=== DATASET RECORDS ===
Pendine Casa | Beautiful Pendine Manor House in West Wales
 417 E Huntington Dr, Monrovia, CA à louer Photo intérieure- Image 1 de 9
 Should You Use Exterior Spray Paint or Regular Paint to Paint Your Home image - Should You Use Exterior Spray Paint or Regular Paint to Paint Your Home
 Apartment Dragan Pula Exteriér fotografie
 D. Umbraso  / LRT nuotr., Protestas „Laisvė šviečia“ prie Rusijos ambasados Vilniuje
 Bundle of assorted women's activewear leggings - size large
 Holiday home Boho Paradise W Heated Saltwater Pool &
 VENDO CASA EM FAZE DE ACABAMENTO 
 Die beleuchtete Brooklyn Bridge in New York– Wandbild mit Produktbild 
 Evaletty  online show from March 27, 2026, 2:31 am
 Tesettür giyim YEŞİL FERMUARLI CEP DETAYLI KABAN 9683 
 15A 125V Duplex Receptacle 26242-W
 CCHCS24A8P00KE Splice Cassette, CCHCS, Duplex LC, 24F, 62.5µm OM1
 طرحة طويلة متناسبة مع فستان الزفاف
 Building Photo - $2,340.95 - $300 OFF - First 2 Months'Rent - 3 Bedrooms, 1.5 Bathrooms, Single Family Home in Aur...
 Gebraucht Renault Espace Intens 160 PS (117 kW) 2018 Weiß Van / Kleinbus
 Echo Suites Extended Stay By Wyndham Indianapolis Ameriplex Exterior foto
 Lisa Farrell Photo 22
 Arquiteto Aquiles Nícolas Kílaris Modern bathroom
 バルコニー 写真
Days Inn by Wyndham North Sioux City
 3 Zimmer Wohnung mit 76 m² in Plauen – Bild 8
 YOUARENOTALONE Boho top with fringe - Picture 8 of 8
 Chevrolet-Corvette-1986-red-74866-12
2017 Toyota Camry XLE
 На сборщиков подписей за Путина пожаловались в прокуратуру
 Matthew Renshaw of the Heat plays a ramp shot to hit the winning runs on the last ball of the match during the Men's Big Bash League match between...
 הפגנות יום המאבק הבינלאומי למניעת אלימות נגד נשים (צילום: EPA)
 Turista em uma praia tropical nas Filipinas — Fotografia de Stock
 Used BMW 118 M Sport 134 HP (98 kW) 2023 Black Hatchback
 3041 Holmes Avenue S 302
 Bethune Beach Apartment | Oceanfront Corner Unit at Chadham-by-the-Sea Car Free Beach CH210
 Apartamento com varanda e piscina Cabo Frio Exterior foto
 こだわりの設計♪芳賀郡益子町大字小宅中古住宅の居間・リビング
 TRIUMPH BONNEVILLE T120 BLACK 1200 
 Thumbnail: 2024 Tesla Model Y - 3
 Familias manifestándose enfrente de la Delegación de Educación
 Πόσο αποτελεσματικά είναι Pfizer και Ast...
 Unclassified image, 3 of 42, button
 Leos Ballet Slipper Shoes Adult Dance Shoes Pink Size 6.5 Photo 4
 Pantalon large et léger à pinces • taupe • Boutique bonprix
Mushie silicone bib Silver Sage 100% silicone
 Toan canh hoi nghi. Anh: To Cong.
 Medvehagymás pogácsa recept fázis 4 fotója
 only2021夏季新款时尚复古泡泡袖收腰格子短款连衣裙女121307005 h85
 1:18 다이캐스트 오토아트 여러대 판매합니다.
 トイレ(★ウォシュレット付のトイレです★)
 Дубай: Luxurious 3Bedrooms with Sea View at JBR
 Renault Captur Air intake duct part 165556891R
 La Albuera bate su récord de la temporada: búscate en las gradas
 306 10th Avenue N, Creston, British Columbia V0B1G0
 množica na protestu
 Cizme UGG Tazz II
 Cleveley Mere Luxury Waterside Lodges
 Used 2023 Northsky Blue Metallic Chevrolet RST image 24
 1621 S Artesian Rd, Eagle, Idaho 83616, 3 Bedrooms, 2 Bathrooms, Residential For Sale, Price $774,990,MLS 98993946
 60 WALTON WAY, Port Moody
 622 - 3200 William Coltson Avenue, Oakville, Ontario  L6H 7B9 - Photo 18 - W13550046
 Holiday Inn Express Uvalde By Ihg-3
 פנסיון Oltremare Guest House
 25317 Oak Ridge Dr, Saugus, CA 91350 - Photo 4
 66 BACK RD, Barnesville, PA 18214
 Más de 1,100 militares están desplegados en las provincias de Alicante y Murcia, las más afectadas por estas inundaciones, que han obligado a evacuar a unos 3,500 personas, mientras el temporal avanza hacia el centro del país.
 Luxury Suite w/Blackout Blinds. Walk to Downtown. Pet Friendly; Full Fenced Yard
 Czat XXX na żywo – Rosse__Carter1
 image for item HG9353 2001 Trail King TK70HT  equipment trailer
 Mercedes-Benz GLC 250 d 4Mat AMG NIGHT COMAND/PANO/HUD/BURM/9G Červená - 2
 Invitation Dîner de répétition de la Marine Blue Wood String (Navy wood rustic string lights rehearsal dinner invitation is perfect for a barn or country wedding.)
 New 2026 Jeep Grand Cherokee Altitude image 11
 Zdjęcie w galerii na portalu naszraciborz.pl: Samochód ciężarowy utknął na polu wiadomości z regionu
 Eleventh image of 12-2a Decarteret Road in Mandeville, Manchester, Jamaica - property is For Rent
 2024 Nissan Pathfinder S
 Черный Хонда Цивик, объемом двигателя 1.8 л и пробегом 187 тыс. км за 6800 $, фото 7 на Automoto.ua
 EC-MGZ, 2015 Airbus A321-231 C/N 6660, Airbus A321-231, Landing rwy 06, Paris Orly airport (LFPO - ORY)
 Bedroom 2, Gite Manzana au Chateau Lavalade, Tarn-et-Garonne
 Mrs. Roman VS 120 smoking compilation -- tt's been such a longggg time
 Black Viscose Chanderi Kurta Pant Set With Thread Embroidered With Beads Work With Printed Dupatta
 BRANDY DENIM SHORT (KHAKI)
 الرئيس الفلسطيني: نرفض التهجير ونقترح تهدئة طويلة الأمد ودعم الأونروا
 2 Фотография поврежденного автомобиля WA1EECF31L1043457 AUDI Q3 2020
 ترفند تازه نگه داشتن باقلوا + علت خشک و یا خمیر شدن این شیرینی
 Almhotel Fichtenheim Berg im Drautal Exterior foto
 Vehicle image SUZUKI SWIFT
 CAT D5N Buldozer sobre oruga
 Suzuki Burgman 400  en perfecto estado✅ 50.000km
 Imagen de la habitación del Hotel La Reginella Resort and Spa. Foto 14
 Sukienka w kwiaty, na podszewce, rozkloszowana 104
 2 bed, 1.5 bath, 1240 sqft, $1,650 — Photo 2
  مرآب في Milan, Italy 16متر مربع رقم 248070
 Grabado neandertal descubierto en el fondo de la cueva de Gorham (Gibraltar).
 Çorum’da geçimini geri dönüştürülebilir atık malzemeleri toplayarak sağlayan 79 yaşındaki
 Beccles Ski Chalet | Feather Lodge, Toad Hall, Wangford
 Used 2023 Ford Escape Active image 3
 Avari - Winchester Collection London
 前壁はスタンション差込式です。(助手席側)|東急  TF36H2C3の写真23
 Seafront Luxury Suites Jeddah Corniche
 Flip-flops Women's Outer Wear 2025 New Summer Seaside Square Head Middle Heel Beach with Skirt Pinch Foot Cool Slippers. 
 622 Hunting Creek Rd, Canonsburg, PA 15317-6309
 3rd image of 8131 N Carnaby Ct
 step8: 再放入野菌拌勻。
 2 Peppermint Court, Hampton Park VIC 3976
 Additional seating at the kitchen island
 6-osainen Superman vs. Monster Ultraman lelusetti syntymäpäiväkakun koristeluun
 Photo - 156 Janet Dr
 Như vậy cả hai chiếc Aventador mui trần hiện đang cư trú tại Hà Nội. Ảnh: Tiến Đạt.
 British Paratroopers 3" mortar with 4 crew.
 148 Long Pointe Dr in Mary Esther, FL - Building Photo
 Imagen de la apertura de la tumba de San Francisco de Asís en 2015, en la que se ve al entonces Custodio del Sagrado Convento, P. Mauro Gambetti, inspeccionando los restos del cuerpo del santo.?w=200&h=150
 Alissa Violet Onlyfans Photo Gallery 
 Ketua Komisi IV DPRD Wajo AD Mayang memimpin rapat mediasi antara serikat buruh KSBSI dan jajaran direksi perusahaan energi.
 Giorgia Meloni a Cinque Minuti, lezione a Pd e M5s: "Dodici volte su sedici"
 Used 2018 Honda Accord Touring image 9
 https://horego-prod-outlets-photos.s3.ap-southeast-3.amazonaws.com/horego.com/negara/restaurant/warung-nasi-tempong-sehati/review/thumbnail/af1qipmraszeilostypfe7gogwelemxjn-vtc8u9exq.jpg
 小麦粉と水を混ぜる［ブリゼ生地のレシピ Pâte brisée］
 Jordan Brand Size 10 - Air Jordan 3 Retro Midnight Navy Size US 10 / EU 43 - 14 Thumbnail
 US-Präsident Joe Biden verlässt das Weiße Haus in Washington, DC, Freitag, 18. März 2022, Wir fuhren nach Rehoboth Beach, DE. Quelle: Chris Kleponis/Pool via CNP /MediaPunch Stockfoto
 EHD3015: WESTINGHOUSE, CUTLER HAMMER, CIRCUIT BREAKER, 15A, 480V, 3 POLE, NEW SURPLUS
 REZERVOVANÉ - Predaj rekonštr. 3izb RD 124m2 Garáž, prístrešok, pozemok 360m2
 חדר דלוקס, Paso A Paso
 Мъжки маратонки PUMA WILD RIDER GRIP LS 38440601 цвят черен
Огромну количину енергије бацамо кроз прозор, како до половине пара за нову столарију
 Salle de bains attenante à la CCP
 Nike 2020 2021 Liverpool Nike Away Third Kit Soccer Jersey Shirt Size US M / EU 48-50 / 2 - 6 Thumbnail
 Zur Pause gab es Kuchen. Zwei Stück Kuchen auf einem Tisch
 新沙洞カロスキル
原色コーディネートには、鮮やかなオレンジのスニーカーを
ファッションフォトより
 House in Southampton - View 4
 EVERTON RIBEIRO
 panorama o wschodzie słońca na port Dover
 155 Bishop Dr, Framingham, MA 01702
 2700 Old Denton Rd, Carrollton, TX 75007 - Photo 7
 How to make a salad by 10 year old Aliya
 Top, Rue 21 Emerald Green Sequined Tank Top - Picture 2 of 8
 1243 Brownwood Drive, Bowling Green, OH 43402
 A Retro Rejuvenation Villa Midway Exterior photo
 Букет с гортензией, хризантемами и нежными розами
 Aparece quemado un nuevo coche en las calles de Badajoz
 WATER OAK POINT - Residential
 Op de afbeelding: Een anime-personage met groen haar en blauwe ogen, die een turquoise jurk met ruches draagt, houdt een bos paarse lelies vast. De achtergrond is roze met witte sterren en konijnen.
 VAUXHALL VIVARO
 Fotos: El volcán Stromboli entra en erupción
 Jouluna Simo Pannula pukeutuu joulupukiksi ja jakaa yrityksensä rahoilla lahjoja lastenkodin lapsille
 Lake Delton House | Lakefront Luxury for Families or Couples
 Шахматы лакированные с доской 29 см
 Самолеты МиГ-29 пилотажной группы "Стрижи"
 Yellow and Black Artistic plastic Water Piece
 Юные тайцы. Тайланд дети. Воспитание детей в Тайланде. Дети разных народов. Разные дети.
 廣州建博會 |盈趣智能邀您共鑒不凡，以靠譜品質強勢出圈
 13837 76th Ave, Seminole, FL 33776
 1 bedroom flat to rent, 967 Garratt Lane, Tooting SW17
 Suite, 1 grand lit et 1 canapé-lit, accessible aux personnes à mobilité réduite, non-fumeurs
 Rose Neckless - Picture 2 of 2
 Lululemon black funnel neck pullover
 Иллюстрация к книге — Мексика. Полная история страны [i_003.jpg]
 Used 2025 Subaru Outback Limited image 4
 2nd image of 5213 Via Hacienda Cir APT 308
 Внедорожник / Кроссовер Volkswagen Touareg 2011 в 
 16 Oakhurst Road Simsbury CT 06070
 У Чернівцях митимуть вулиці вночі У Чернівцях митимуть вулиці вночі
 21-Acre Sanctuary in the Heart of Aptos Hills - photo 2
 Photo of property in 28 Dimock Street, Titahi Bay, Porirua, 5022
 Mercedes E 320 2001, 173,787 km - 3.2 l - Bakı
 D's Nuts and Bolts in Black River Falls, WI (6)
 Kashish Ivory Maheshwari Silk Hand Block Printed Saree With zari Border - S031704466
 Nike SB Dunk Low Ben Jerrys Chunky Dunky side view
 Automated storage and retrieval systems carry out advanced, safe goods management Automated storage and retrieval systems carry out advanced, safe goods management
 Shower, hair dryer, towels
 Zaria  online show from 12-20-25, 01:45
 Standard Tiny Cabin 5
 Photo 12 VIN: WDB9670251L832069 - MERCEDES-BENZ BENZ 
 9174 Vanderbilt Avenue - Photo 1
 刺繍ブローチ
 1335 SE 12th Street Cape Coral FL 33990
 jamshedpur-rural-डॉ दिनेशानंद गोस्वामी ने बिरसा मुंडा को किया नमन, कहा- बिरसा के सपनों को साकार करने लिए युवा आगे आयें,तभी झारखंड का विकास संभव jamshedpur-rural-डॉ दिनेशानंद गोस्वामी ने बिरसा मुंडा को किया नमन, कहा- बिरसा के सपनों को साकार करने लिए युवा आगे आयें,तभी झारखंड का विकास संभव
===
> **WHAT IS REQUIRED**:
Copy the lines of the data above exactly as written, beginning with the line containing "Самолеты МиГ-29 пилотажной" and ending with the line containing "1 bedroom flat", and leave out all other lines.

> **OUTPUT FOR THIS EXERCISE**:
 Самолеты МиГ-29 пилотажной группы "Стрижи"
 Yellow and Black Artistic plastic Water Piece
 Юные тайцы. Тайланд дети. Воспитание детей в Тайланде. Дети разных народов. Разные дети.
 廣州建博會 |盈趣智能邀您共鑒不凡，以靠譜品質強勢出圈
 13837 76th Ave, Seminole, FL 33776
 1 bedroom flat to rent, 967 Garratt Lane, Tooting SW17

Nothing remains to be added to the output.